Author: Lelia Loban ★2017
Date: 2007-06-20 12:36
>>If the teacher is sick, whether it be a cold, gum disease, herpes or whatever, he won't ask to play your instrument. If you're healthy, and he's heathly, I see no problem other than one of you thinking it's gross.
>>
But there's the problem. Most people with HIV in industrialized nations know they need to take precautions, but in the age of antibiotics, people with self-limiting or at least curable illnesses have become cavalier about keeping their infections to themselves. Before my husband retired, he routinely ordered his subordinates who came to work sick to take their sick leave and go home, to prevent the bug spreading until half the office would go out sick and spread the infection to pregnant women or frail babies and elderly people. Self-quarantine is the best way we've got to safeguard the public health--but the same people just as routinely showed up for work coughing again anyway, next time they caught something. One of the people in his carpool was a regular disease vector.

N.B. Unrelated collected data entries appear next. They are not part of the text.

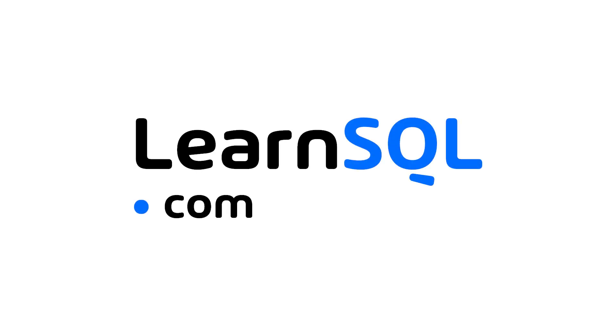This video is sponsored by LearnSQL.com. More about them later on. In this third and final part of the Learn Basic SQL in 15 minutes series, we're going to be learning how to use different SQL functions to both clean data and create new fields from existing data. Let's dive in.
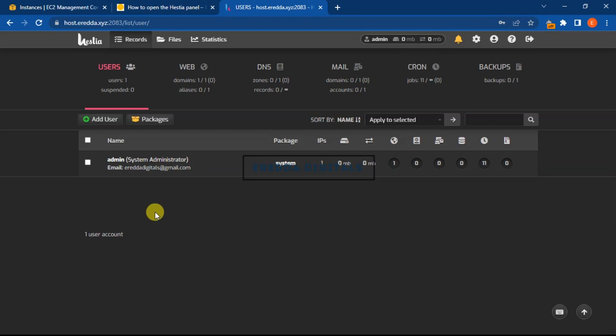Our next video we will continue. I will show you around how to use this dashboard, how to add domain and so and so forth. Thank you for watching. Bye.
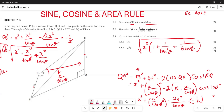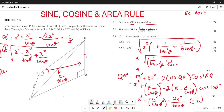Therefore QS = x · √(1/tan²θ + 1/tanθ + 1), which is exactly what they asked us to show. That completes the proof for this part of the question.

The workaholic culture has gone too far--and these days, I wouldn't trust a music teacher not to show up contagious for a lesson.
With more diseases becoming drug-resistant, reed-sharing and mouthpiece-sharing can be more than just a gross-out problem. I get Tony's humor about kissing--but, seriously, if we know someone well enough to smooch (I abominate "social kissing!), then we probably have a pretty good idea of whether or not the smoochee has galloping plague. We don't necessarily know that about a teacher we see once a week or once a month.
OTOH, just sharing a room with people can be a health hazard. Yesterday, the cellist in one of my husband's string quartets missed practice. Everybody thought some Hogwarts kid must have been messing around with the "Quartetto Confusio" spell again in his vicinity, but the truth turned out to be worse. Last week, he went to a music camp where he got placed into a quartet with someone who didn't have the courtesy to stay home and isolate his raging case of the flu. The sicko didn't lick our friend's cello strings or spit on his bow, but did *breathe*--and that entire quartet came down sick. Our friend, who's a doctor and otherwise healthy, ended up with such severe cardiac arhythmia that he had to check into the hospital.